Linehan defines distress tolerance as the ability to tolerate and withstand negative or uncomfortable emotional states. This is a daily practice, a mind shift. For some, a lot of work is required. As I said before, I’ve been working my whole life to embody this. And overall, it truly helps me get through nearly all issues now. You have to actively practice and believe this concept though.

One of the skills of distress tolerance is what DBT calls radical acceptance. I see it as a good way to explain accepting things most people wouldn’t normally accept. The word radical implies it’s rare and takes a lot of effort and is not the normal way of thinking or doing. However, if you start to use radical acceptance as a tool, it becomes a clear path to having a “life worth living” – a phrase Marsha often uses to refer to the result of using DBT.

Overall, I think radical acceptance and distress tolerance come down to the concept of locus of control. You let go of the things that are not entirely in your control and only focus on your reaction-the only thing you have full control over.

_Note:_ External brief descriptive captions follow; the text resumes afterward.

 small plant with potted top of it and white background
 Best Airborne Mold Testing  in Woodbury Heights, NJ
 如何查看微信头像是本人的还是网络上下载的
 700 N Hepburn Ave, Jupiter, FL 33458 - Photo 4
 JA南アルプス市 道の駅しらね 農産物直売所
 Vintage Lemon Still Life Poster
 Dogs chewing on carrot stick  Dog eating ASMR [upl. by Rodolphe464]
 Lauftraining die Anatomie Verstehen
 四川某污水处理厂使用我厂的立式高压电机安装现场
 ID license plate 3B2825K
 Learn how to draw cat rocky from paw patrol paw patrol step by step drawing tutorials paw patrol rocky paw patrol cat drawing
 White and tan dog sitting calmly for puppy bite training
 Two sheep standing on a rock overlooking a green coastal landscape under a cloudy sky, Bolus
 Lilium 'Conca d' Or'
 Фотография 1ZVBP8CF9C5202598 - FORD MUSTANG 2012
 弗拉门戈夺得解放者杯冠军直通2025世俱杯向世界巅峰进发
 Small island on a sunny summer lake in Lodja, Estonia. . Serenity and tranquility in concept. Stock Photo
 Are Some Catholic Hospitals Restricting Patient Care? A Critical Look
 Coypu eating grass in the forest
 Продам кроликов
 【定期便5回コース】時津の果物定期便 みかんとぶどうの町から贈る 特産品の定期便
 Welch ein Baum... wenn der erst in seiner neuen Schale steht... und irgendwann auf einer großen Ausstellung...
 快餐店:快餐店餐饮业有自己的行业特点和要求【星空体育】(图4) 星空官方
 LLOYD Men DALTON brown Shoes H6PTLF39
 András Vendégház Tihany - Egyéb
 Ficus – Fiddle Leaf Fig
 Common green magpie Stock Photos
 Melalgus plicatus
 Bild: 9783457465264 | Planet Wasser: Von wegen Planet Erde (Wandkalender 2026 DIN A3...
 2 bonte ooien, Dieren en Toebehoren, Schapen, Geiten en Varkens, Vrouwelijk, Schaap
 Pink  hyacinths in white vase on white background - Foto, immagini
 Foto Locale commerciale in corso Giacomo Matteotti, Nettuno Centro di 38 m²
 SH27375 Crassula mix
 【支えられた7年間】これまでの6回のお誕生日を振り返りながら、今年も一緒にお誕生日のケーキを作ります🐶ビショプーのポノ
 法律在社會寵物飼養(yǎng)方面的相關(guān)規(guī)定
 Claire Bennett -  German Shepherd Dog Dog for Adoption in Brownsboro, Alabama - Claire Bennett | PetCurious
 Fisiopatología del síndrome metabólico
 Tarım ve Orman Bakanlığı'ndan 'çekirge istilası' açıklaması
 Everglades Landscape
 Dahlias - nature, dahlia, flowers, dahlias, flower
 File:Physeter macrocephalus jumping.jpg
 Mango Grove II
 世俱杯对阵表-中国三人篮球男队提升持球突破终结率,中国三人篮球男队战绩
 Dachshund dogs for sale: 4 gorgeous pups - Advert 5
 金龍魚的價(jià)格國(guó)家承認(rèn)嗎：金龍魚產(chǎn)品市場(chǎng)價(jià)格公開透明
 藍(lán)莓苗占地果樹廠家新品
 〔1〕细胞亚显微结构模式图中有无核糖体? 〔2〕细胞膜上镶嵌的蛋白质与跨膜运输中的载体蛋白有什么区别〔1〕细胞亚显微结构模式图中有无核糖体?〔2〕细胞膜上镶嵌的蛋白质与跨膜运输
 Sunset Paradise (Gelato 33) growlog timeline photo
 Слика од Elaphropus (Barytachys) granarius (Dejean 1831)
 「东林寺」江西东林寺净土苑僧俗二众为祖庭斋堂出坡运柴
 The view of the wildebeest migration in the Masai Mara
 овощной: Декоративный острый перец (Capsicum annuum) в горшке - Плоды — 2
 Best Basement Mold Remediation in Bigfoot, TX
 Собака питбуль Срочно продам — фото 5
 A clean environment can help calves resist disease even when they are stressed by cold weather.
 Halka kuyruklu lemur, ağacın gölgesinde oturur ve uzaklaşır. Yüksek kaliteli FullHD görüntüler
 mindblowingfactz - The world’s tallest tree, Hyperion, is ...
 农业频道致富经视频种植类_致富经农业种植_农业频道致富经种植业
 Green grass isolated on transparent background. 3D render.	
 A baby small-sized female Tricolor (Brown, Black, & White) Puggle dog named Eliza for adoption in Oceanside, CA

Part of the work and effort is determining what is out of your control, which is many, many things. Those that are determined to continue to control others and situations will try and talk themselves in to where they have control in places they shouldn’t try. For example, if a person is making decisions that are making their life worse and you think you can can, in fact, control them, you can’t. You will essentially be spinning your wheels. Every decision a person makes to change themselves has to come from them. If two people are involved in a decision and only one person thinks it’s a good idea to make a change, the change will not happen or it will not last long. The most you can do is influence by planting seeds but you have to understand that you are not in the driver seat for that person so you have to accept that your influence is only that and will not result in control. Control of actions is only able to be done by the person themselves.

It’s the same way with therapy. Therapists do not control the client. They plant seeds and influence and help a person find a helpful path but the client is the person doing all the work, and it really is ALL of it. THEY chose to go to therapy, THEY have a desire to make some positive changes. The therapist is just in the passenger seat. And that’s the case for us all. We are all in the passenger seat for everything out of our control. We can’t use the gas or brake or steering wheel. Imagine if you tried to climb over and use those controls over the driver. It could work but as soon as you got back in the passenger seat, the driver would still have to find a way to make the decisions that would control where they go on their own.

So, think about those terms-radical acceptance. Maybe it’s a skill you can excel at. What about distress tolerance? You could be a pro. I feel like these two skills will significantly impact your level of peace if you work on them. I hope I have influenced you to look into these two concepts but as stated, I’m not in your driver seat. I’m simply a passenger, trying to plant a seed. The steering wheel is in your hands.